The future will be one where artificial and human intelligence will build together, not apart.

3 COMMENTS

  1. Although correct as at right this second, this article misses the point completely. The point is that AI is rapidly encroaching on aspects of human behaviour that were considered impossible not very long ago.

    Creativity. Strategy. Imagination. All have been demonstrated. The domains might be limited _right now_ but soon won’t be.

    “we should think about AI as augmented intelligence. AI and human intelligence complement each other, making up for each other’s shortcomings.”

    This statement sums up the authors bias. This was the mantra in chess not very long after Kasparov lost to Deep Blue, and indeed for a while, human+computer teams were the best in the world.

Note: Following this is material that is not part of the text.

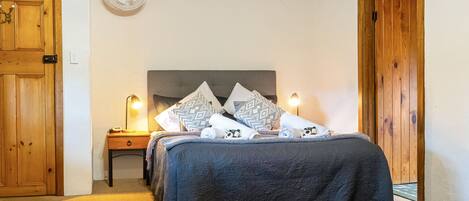 Een slaapkamer met een bed, nachtkastje, lamp en een ventilator aan de muur.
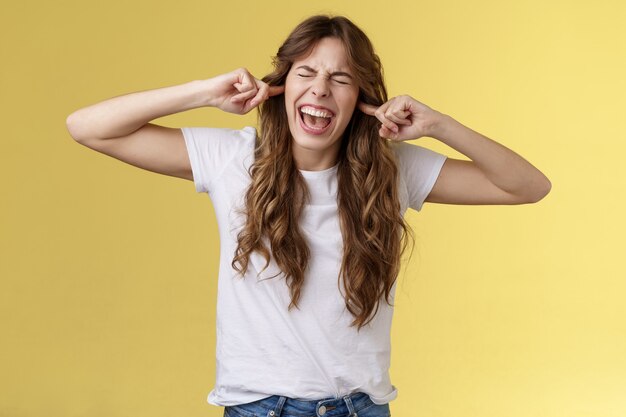 Chica gritando molesta demanda dejar de tocar la guitarra. Mujer irritada molesta cerrar los ojos gritando tapón decepcionado dedos índices agujeros para los oídos disgustado fuerte ruido terrible atril fondo amarillo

    Computers kept improving, humans didn’t. Thats why people are discussing this so much, because its something that needs to be discussed, not magic’d away with a “It’s fine right now, so will continue to be fine forever, because humans are da best”.

  2. Ben > It’s wrong to compare artificial intelligence to the human mind, because they are totally different things, even if their functions overlap at times.

    True. I only wrote a proof of this earlier this year and it hasn’t been published.

    Ben > Where AI falls short is thinking in the abstract

    Yes, this is true.

    Greg > Creativity. Strategy. Imagination. All have been demonstrated. The domains might be limited _right now_ but soon won’t be.

    This is not true. Nothing based on computational theory will ever match human intelligence, regardless of processing power or memory size.

    But, there is more to this. Although computational theory is incapable of handling comprehension or genuine problem solving, this does not mean that it is restricted to biological agents like us. A true, general theory of cognition includes all forms of this whether it is animal, human, machine, or alien. So, if a theory like this were available then machine intelligence of human level would be possible. It is possible that such a theory will be completed and published in just a few years.

    The confusion is understandable. Most people use the term ‘AI’ generically to include anything non-biological. And, people generally assume that it would be computer based since those are the most complex machines. But AI and AGI (human-level intelligence) are two different things. You can’t build AGI using only a computer, a Turing Machine, computational theory, or language theory. This simply isn’t possible. However, there is nothing special about biological intelligence. You should be able to duplicate it once you understand how it works.

  3. The whole article is comparing and contrasting AI and human intelligence from beginning to end. That’s a very useful process – so thanks! Why stop?